Testigos relataron que el secuestro fue ejecutado por hombres armados que actuaron con rapidez y precisión. Horas más tarde, un video comenzó a circular en redes sociales. En él, Irma aparecía arrodillada, rodeada por al menos 12 sujetos encapuchados armados, obligada a pronunciar un mensaje a sus compañeros taxistas:

“Con la Mafia Veracruzana no se juega, paguen su cuota como debe de ser (…) o van a terminar como yo”.

El video sembró miedo entre los trabajadores del transporte en la región, evidenciando el control criminal sobre esta actividad y el riesgo de negarse a colaborar con ellos.


Hallazgo del cuerpo y reacción de autoridades

El 24 de julio, la Fiscalía confirmó el hallazgo del cuerpo sin vida de Irma en un rancho entre Tepetzintlilla y Buenos Aires, a más de 40 kilómetros de Álamo. La fiscal Verónica Hernández indicó que la carpeta de investigación ya está abierta, y que no habrá impunidad:

“Se procederá con todo el rigor de la ley”.

La gobernadora Rocío Nahle también reconoció el caso, aunque se limitó a confirmar que ya está judicializado, sin ofrecer mayores detalles por motivos de seguridad.


Renuncia de jefe de Seguridad y violencia en Álamo

El mismo día del secuestro, el director de Seguridad Pública municipal, Raúl Saucedo Cisneros, renunció a su cargo. Habitantes han denunciado por años la presencia de grupos criminales y la impunidad con la que operan.

Comerciantes, transportistas y ciudadanos comunes viven bajo amenaza constante. El asesinato de Irma Hernández confirma que no hay sector que esté a salvo.


La Mafia Veracruzana: grupo en expansión

El grupo criminal responsable se hace llamar “Fuerzas Especiales del Cártel Mafia Veracruzana”. Según información de inteligencia militar, es una escisión del Grupo Sombra, que a su vez se separó del Cártel del Golfo.
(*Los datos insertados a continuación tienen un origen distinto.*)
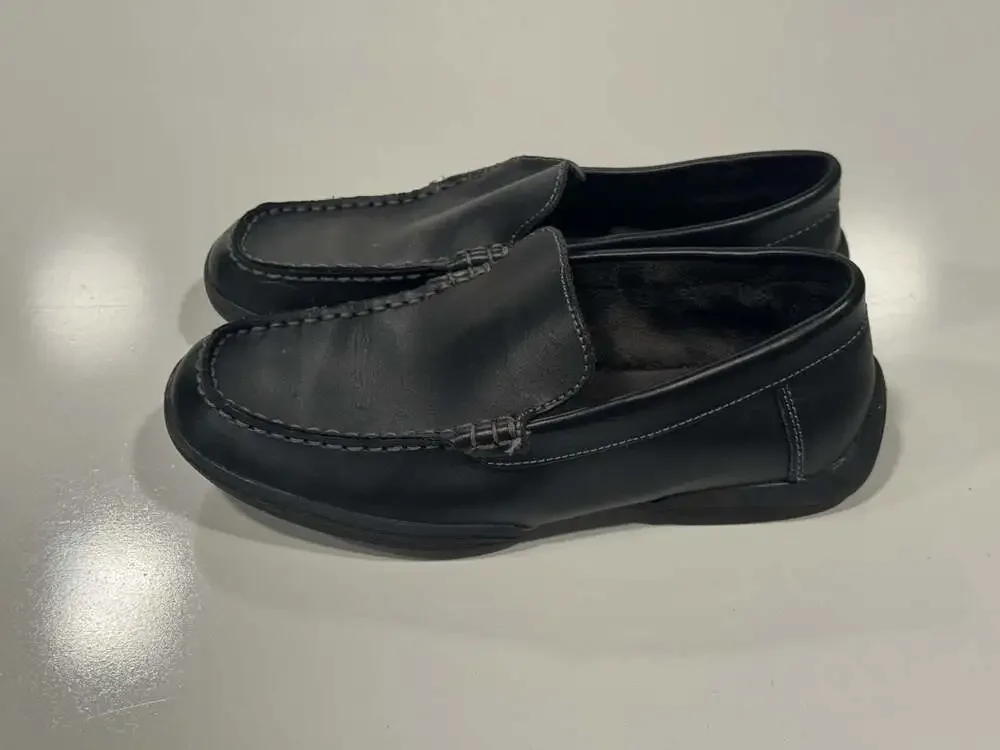 Kenneth Cole Reaction Driving Dime Black Faux Leather Moccasin Shoes 4.5Y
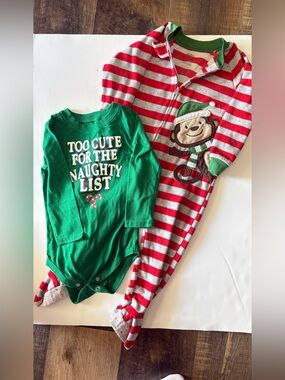 Carter's Green Bodysuit & Red-White Striped Monkey Footed Pajamas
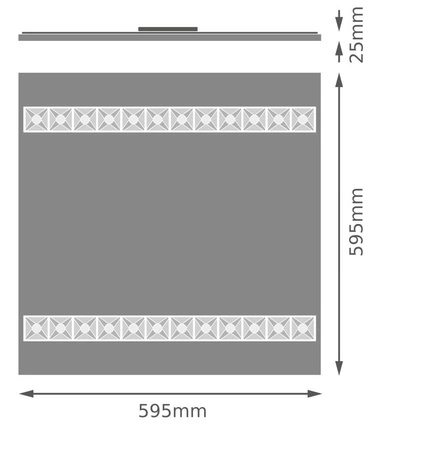 LED panelové stropné svetlo kazeta 27,5W 4000lm 4000K, neutrálna biela stmievateľné Flush Mount UGR16 čierna 60x60cm Louver Ledvance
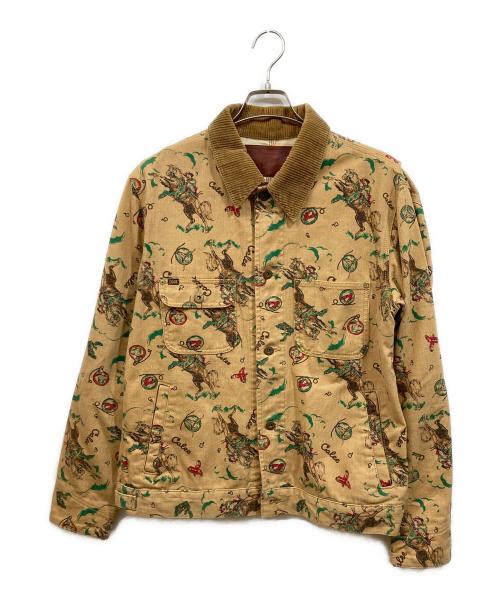 CALEE（キャリー）CALEE (キャリー) ロデオ柄デニムジャケット ブラウン サイズ:SIZE XLの古着・服飾アイテム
Desde 2024 actúan bajo su nuevo nombre y disputan el control territorial contra Los Zetas y el CJNG.

Tienen presencia en municipios como Tuxpan, Poza Rica, Tantoyuca, Álamo y Cerro Azul. Su especialidad es la extorsión, también conocida como “cobro de piso”, que aplican a comerciantes, transportistas y prestadores de servicios.


Un caso que refleja el miedo cotidiano

El caso de Irma Hernández ha conmovido a nivel estatal y nacional. No se trataba de alguien vinculada al crimen ni de una figura política: era una maestra jubilada que buscaba ingresos conduciendo un taxi. Su asesinato refleja la violencia cotidiana que enfrentan personas comunes en regiones dominadas por el crimen.


Justicia exigida por la comunidad

Diversos sectores de la sociedad veracruzana han exigido justicia, pero también protección real para quienes trabajan en la calle. Sindicatos de maestros, asociaciones de transportistas y grupos de defensa de derechos humanos han pedido al gobierno estatal que asuma con seriedad la seguridad pública.

Este caso no puede quedar en el olvido. La dignidad de Irma Hernández representa a miles de trabajadores mexicanos que enfrentan cada día una lucha por sobrevivir en medio de la violencia.